INFORMATION PROVIDED:
+---+

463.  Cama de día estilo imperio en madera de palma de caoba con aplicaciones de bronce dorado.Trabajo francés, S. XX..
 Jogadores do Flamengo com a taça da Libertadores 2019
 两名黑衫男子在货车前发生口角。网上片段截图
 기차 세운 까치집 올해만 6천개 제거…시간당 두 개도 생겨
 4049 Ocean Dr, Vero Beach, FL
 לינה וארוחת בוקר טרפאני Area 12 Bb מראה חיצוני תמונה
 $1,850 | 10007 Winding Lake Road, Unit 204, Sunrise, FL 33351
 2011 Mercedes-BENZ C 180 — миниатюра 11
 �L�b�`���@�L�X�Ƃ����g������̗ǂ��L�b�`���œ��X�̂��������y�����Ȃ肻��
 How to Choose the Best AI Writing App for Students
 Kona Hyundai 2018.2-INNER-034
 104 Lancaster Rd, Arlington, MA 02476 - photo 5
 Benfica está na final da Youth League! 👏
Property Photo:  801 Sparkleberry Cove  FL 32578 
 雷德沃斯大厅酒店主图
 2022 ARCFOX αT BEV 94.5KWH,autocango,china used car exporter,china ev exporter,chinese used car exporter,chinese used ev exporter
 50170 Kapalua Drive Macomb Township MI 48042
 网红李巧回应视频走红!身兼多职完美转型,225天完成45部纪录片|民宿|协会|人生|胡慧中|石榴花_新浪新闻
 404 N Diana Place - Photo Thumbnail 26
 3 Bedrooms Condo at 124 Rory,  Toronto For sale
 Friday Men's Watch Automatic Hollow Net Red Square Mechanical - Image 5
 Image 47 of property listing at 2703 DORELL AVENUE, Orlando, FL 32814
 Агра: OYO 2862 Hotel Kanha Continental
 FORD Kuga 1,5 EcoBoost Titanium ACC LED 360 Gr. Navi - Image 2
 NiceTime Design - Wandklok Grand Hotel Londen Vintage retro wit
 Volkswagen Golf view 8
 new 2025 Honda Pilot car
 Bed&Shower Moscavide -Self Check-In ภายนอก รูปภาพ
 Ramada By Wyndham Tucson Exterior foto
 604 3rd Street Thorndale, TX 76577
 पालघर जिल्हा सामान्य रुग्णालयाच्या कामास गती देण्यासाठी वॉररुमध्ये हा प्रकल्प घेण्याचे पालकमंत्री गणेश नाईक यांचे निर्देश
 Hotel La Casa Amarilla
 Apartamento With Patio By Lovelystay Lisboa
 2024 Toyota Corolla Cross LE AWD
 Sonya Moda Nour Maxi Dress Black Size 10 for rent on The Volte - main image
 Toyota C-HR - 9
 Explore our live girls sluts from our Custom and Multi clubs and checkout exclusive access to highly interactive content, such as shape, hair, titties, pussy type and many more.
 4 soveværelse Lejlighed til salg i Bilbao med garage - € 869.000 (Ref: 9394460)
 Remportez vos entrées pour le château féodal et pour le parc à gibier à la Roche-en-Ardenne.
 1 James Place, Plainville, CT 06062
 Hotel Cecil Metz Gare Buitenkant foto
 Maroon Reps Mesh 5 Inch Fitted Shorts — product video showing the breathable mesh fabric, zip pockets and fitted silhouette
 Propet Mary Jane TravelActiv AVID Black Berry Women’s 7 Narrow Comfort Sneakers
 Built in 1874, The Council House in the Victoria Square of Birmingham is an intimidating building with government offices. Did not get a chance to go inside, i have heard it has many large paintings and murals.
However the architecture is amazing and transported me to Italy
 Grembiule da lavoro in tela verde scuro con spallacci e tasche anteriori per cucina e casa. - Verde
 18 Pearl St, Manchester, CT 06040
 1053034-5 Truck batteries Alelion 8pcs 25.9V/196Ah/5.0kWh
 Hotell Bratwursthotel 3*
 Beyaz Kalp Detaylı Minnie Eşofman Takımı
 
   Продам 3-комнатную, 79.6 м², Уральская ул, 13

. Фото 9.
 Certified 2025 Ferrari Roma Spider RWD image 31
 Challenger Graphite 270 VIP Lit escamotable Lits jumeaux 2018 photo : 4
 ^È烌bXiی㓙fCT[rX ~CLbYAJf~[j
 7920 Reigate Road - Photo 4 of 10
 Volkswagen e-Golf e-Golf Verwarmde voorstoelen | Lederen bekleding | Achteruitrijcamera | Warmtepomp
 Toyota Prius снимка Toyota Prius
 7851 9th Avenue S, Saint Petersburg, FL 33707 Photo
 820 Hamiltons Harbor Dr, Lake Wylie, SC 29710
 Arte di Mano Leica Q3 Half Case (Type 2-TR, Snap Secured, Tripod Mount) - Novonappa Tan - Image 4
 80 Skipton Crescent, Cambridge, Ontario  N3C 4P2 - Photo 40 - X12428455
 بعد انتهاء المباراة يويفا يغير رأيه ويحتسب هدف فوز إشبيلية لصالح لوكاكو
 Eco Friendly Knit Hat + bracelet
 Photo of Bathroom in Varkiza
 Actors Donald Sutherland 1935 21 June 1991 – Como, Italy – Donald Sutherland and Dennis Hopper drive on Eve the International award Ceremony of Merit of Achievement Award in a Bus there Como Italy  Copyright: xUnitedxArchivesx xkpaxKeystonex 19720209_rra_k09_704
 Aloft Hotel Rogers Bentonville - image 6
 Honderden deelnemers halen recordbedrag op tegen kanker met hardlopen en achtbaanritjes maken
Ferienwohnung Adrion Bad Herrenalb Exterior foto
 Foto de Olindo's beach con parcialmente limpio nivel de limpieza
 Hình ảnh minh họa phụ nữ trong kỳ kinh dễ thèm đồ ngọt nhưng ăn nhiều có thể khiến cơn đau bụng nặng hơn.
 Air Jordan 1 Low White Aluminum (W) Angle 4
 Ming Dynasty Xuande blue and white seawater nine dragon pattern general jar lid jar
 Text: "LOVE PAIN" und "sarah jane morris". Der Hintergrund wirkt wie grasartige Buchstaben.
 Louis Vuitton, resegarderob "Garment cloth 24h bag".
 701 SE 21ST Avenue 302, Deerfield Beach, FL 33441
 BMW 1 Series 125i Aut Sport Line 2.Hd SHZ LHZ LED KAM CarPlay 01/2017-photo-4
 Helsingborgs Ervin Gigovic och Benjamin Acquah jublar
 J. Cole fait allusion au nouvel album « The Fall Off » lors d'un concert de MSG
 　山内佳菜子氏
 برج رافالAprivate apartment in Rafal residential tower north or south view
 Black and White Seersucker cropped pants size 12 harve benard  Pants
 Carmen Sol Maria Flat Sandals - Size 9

+---+

WHAT IS BEING ASKED:
Beginning at the line containing "Aloft Hotel Rogers Bentonville - image 6", output exactly each line up to and including the last line of the material above.

SOLUTION:
 Aloft Hotel Rogers Bentonville - image 6
 Honderden deelnemers halen recordbedrag op tegen kanker met hardlopen en achtbaanritjes maken
Ferienwohnung Adrion Bad Herrenalb Exterior foto
 Foto de Olindo's beach con parcialmente limpio nivel de limpieza
 Hình ảnh minh họa phụ nữ trong kỳ kinh dễ thèm đồ ngọt nhưng ăn nhiều có thể khiến cơn đau bụng nặng hơn.
 Air Jordan 1 Low White Aluminum (W) Angle 4
 Ming Dynasty Xuande blue and white seawater nine dragon pattern general jar lid jar
 Text: "LOVE PAIN" und "sarah jane morris". Der Hintergrund wirkt wie grasartige Buchstaben.
 Louis Vuitton, resegarderob "Garment cloth 24h bag".
 701 SE 21ST Avenue 302, Deerfield Beach, FL 33441
 BMW 1 Series 125i Aut Sport Line 2.Hd SHZ LHZ LED KAM CarPlay 01/2017-photo-4
 Helsingborgs Ervin Gigovic och Benjamin Acquah jublar
 J. Cole fait allusion au nouvel album « The Fall Off » lors d'un concert de MSG
 　山内佳菜子氏
 برج رافالAprivate apartment in Rafal residential tower north or south view
 Black and White Seersucker cropped pants size 12 harve benard  Pants
 Carmen Sol Maria Flat Sandals - Size 9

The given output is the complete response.